§ **WHAT IS REQUIRED**: Nothing may be left out of the listing below but its images; repeat the rest exactly.

(RECORD EXCERPTS)

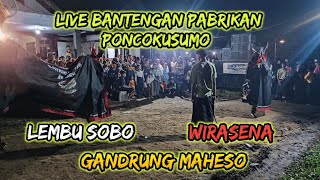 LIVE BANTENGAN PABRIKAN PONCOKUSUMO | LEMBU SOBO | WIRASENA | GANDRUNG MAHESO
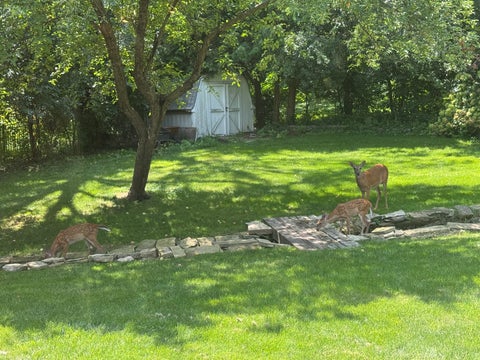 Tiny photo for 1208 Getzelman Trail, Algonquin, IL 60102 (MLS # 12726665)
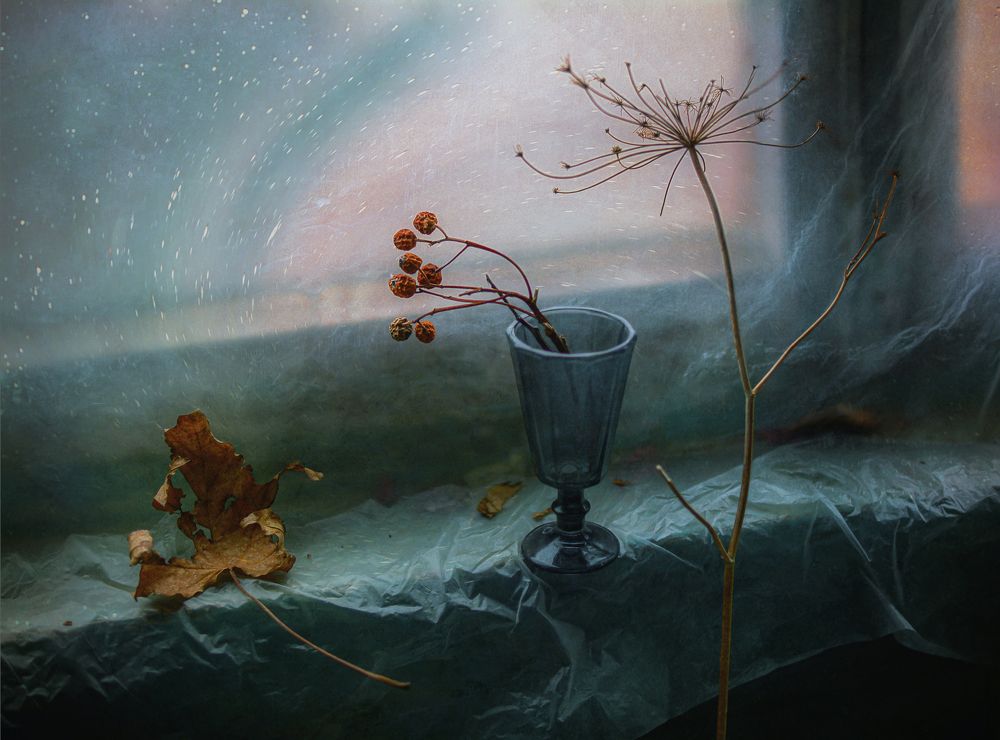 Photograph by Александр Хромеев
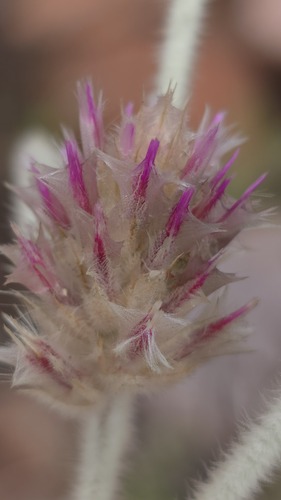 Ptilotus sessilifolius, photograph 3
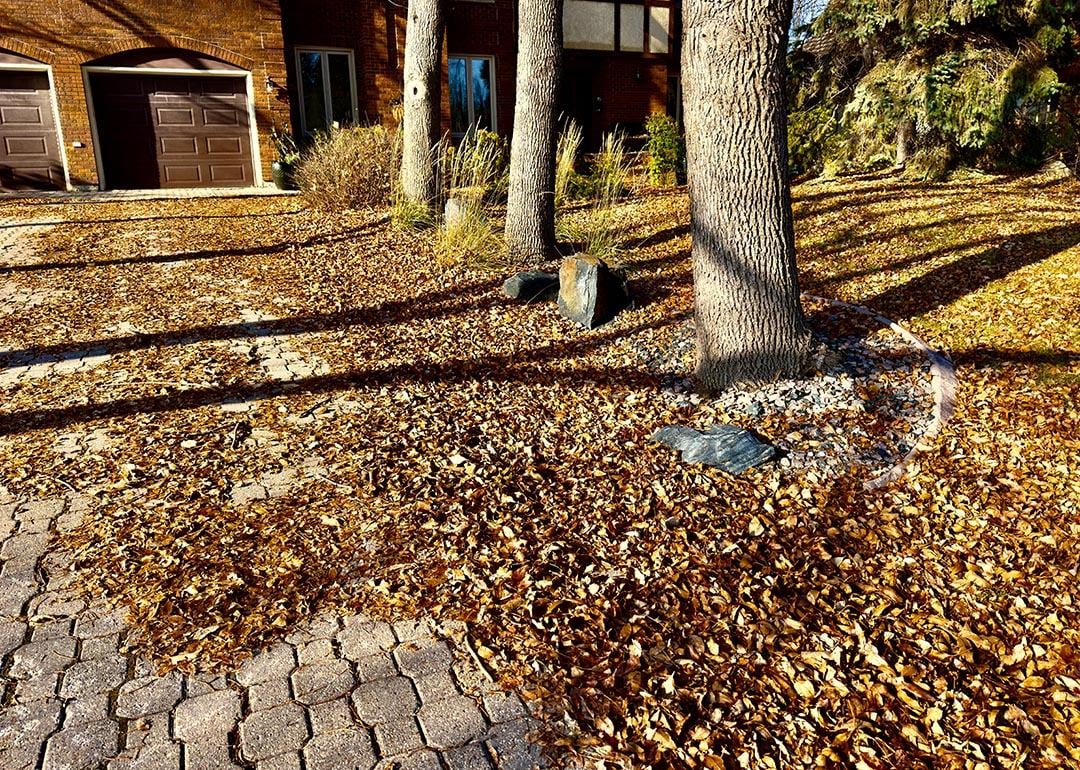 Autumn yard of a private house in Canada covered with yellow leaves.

(End RECORD EXCERPTS)

§ **EXERCISE RESPONSE**:
 LIVE BANTENGAN PABRIKAN PONCOKUSUMO | LEMBU SOBO | WIRASENA | GANDRUNG MAHESO
 Tiny photo for 1208 Getzelman Trail, Algonquin, IL 60102 (MLS # 12726665)
 Photograph by Александр Хромеев
 Ptilotus sessilifolius, photograph 3
 Autumn yard of a private house in Canada covered with yellow leaves.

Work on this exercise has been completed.